As a society, we learned a number of important lessons from our most recent Super Bowl.  Primarily, if you are in the middle of a heavily televised, high stakes sporting events on its way to an uninspiring blow out, kill the lights.  Shutting off the power makes everyone a little jumpy and is apparently enough to remind the losing team that many people are watching them lose. 
                 
           A second thing we learned, and by “we” I mean my wife and I, is that our daughter will no longer watch Super Bowl halftime shows.  Four-year-old girls should not tell anyone, much less out-of-town guests, to “put a ring on it.”
                 
           Our final lesson, and this one is by far the most crucial, is that our future historians are really going to get off easy.  A thousand years from now, when our distant progeny are reading Pluribus:  The Rise and Fall of the Last Western Empire, chapter seven will begin like this:
                 
          “Many of the symptoms of America’s moral degradation, from its sex-saturated media, troubling fascination with violence, and intense consumption of processed foods, can be analyzed almost in their entirety by a casual observation of an early 21st century Super Bowl Sunday television broadcast.  Despite the adulterated content of many Super Bowl advertisements, the event, once merely a high stakes athletic competition, by the end of the twentieth century had evolved into a cultural phenomenon of intense religious significance.  Antithetical to the values in which  most Americans of the time purportedly believed, such as selflessness, temperance, and piety, Super Bowl Sunday advertisements, by and large, celebrated the exact opposite vices:  greed, gluttony, violence, and lust.”
                 
          In other words, just about everything that is embarrassing about us as a culture can be seen in overly priced, thirty-second spots scattered throughout the game.  And, despite the plausibility that these commercials are used for terrorist recruitment somewhere on the planet, having these commercials all in one place really does streamline the head-scratching process.
               
         “Hmmm, I wonder why Americans keep gaining weight?”
               
          Gee, I don’t know, did you watch the Super Bowl this year?
                 
         “How come we can’t get rid of those pesky STDs?”
                 
          Weird, isn’t it?  Oh, hey, did you watch the Super Bowl three weeks ago?
                 
          Now, I’m not saying that commercials inspire people to eat cheeseburgers and make out with strangers.  What I’m suggesting is that these commercials reflect our actual, real-time values.  Super Bowl commercials act as our cultural “canaries in the mine shaft.”

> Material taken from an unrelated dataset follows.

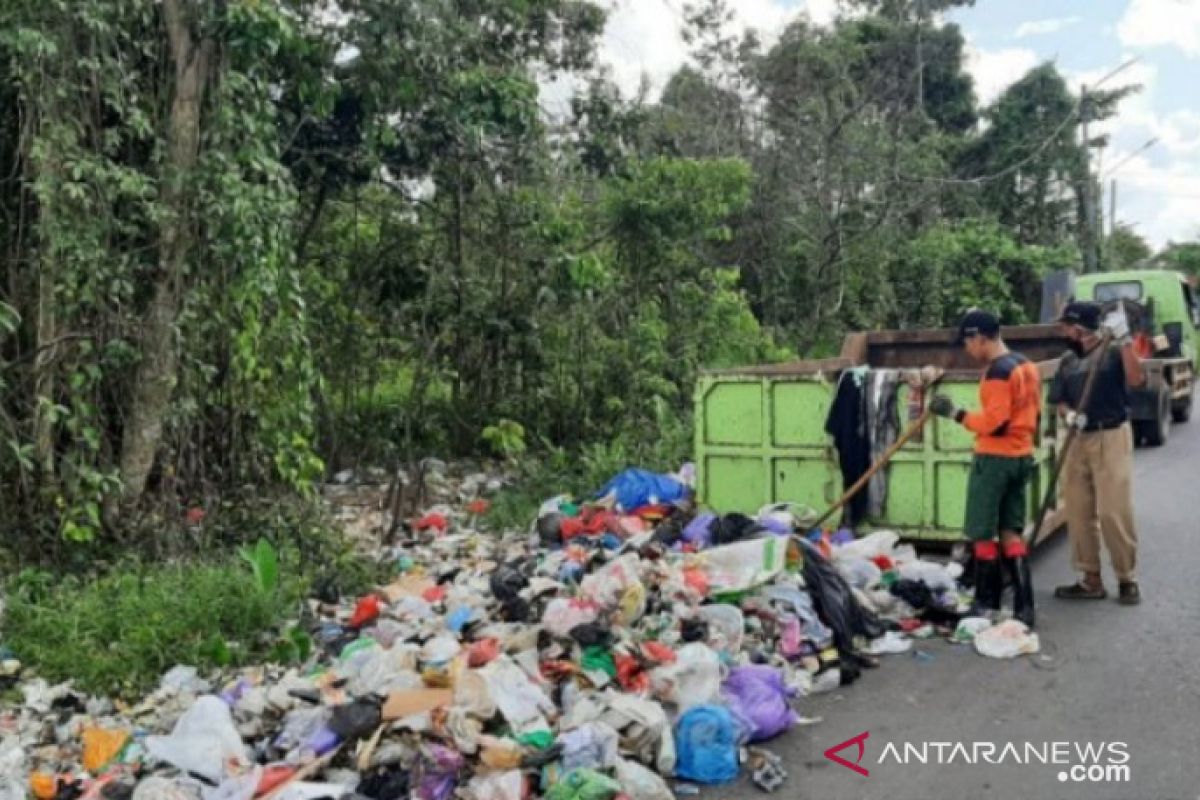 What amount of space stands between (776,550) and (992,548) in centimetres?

Many years ago, before appropriate ventilation systems were installed and other safety features became the norm, miners would carry caged canaries with them when working in a new coal seam.  If dangerous levels of poisonous gas were present, such as methane or carbon monoxide, these brave birds would often indicate this by not singing.  A dead canary meant that an immediate evacuation was needed.

The birds didn’t create the danger, just as these Super Bowl spots aren’t producing bad behavior.  What some of these commercials might be indicating, however, is that our culture could use a bit of sunlight.